[patch 1/2] htlb shared page table

linux-mm.kvack.org archive mirror
 help / color / mirror / Atom feed

* [patch 1/2] htlb shared page table
@ 2006-09-30  0:34 Chen, Kenneth W
  2006-09-30 19:52 ` Hugh Dickins
  0 siblings, 1 reply; 3+ messages in thread
From: Chen, Kenneth W @ 2006-09-30  0:34 UTC (permalink / raw)
  To: 'Hugh Dickins', 'Andrew Morton',
	'Dave McCracken'
  Cc: linux-mm

Following up with the work on shared page table, here is a re-post of
shared page table for hugetlb memory.  Dave's latest patch restricts the
page table sharing at pmd level in order to simplify some of the complexity
for normal page, but that simplification cuts out all the performance
benefit for hugetlb on x86-64 and ia32.

The following patch attempt to kick that optimization back in for hugetlb
memory and allow pt sharing at second level.  It is nicely self-contained
within hugetlb subsystem.  With no impact to generic VM at all.

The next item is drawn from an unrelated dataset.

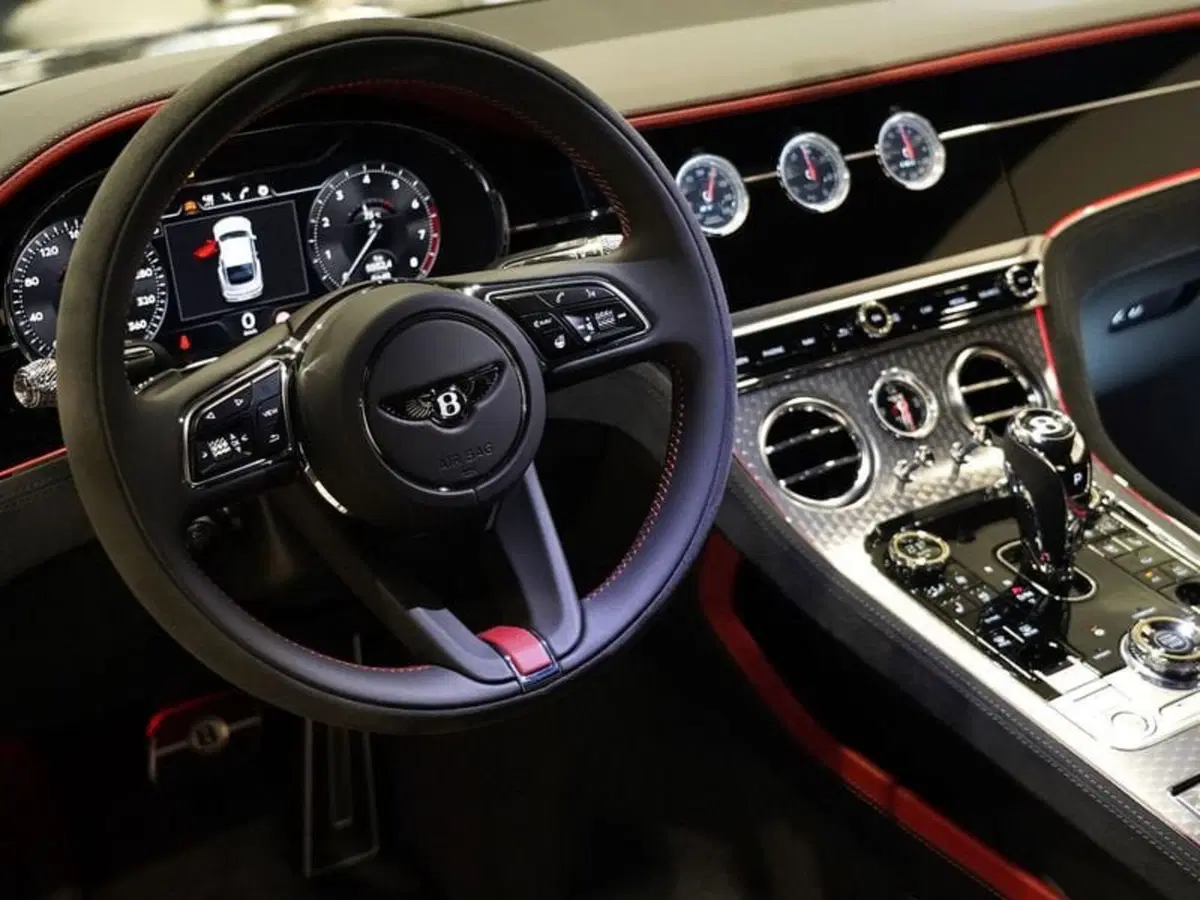 Bentley Continental GT usata a Milano (4)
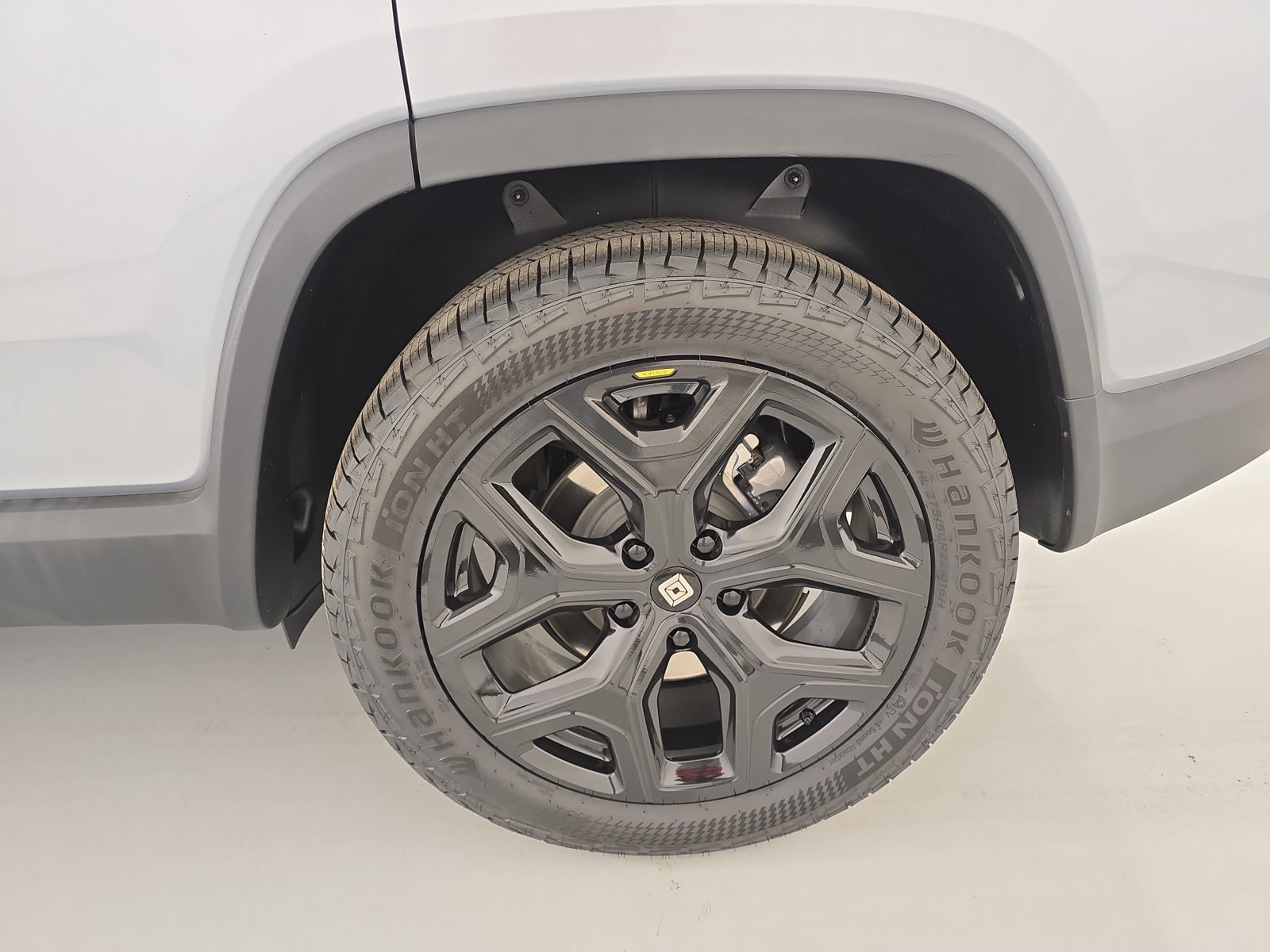 Used 2024 Rivian R1S Adventure Dual AWD/4WD image 10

Imprecise RSS accounting is an irritating ill effect with pt sharing. 
After consulted with several VM experts, I have tried various methods to
solve that problem: (1) iterate through all mm_structs that share the PT
and increment count; (2) keep RSS count in page table structure and then
sum them up at reporting time.  None of the above methods yield any
satisfactory implementation.

Since process RSS accounting is pure information only, I propose we don't
count them at all for hugetlb page.  rlimit has such field, though there is
absolutely no enforcement on limiting that resource.  One other method is
to account all RSS at hugetlb mmap time regardless they are faulted or not.
I opt for the simplicity of no accounting at all.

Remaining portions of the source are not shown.